Le metteur en scène se livre à une relecture d’extraits de ces contes dans leur version originale: celle qu’on ne fait pas lire aux enfants, avec meurtres en série, mutilations, sexisme, violences diverses et variées, cannibalisme, adultères… Ils sont quatre à raconter et à jouer cette adaptation de la formidable bande dessinée.
Sur le plateau, côté jardin, une tour de château avec, en haut, une fenêtre où apparait souvent une tête de personnage, au centre, un portail qui ne s’ouvrira jamais et qui abrite un écran pour ombres chinoises; sur le pilier droit, est inscrit: Mort au patriarcat. Côté cour, un arbre peint en deux dimensions. Une scénographie parfaite deSabrina Moguez en unité avec le texte.
Les deux acteurs et les deux actrices-diction et gestuelle impeccable-changent de costume à toute vitesse, et sur un ton décalé et avec anachronismes, s’en donnent à cœur joie pour rendre à ces contes leur crudité originale; ils jouent les nombreux personnages et ajoutent des commentaires. « En pointant du doigt tout ce que nous prenons pour acquis et ne remarquons même plus, dit Antoine Brin, je souhaite provoquer cette réaction double: mélange de rire et prise de conscience. »
Et Bruno Bettelheim, l’auteur de la célèbre Psychanalyse des contes de fées (1976, n’est pas épargné: à propos de Blanche-Neige ou du Petit Chaperon rouge, il voulait montrer comment ces contes répondaient aux angoisses des enfants, en leur montrant les épreuves avant d’atteindre la maturité.

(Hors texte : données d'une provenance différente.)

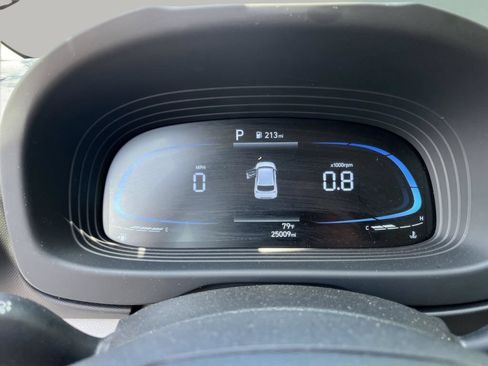 Used 2025 Hyundai Venue SEL FWD image 28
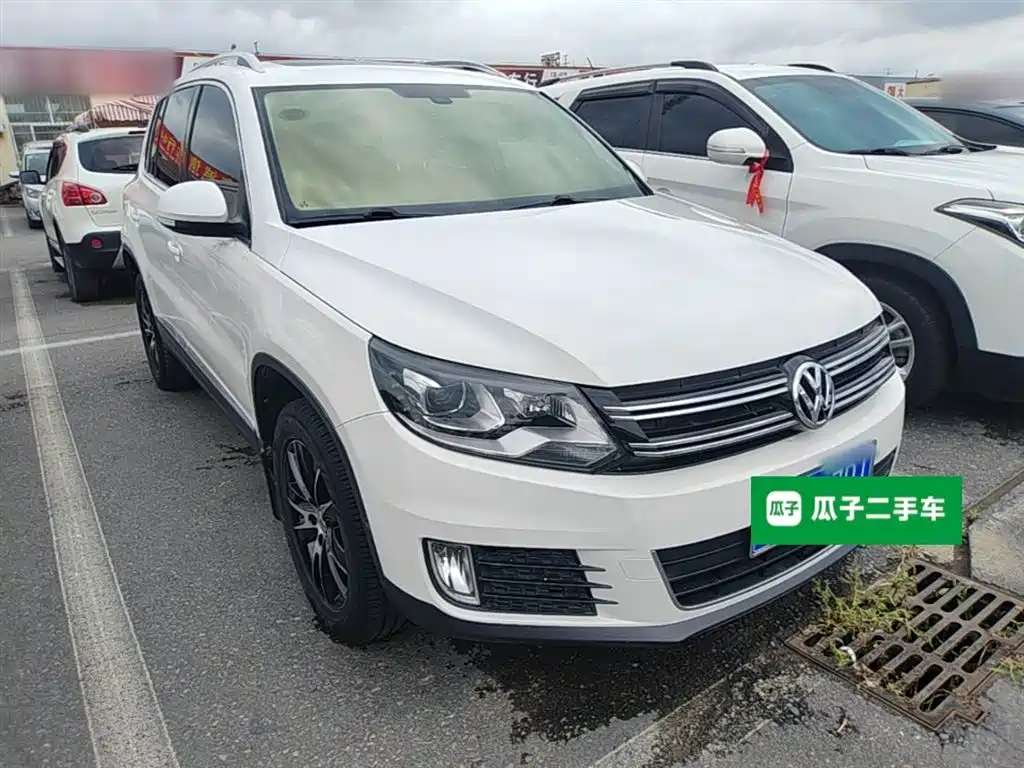 VOLKSWAGEN TIGUAN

Depuis, il a souvent été contesté, entre autres, par des historiens, montrant que la conscience de la particularité enfantine, n’existait pas autrefois. Et jusqu’au XVII ème siècle, les contes de fées étaient plutôt destinés aux adultes…
Toujours à cheval entre le premier et le second degré, le spectacle va parfois un peu vite… Mais quelle énergie, quelle drôlerie et quelle impertinence! La salle pleine-c’est rare, un samedi de Pâques-a longuement applaudi et à juste raison.
Philippe du Vignal
Jusqu’au 24 mai, Manufacture des Abbesses, 7 rue Véron, Paris (XVIII ème). T. : 01 42 33 42 03.
*Traduction intégrale de Françoise Decroisette (1995), éditions Circé.
** Disney-Pixar, désenchanter et réenchanter l’imaginaire de Célia Sauvage.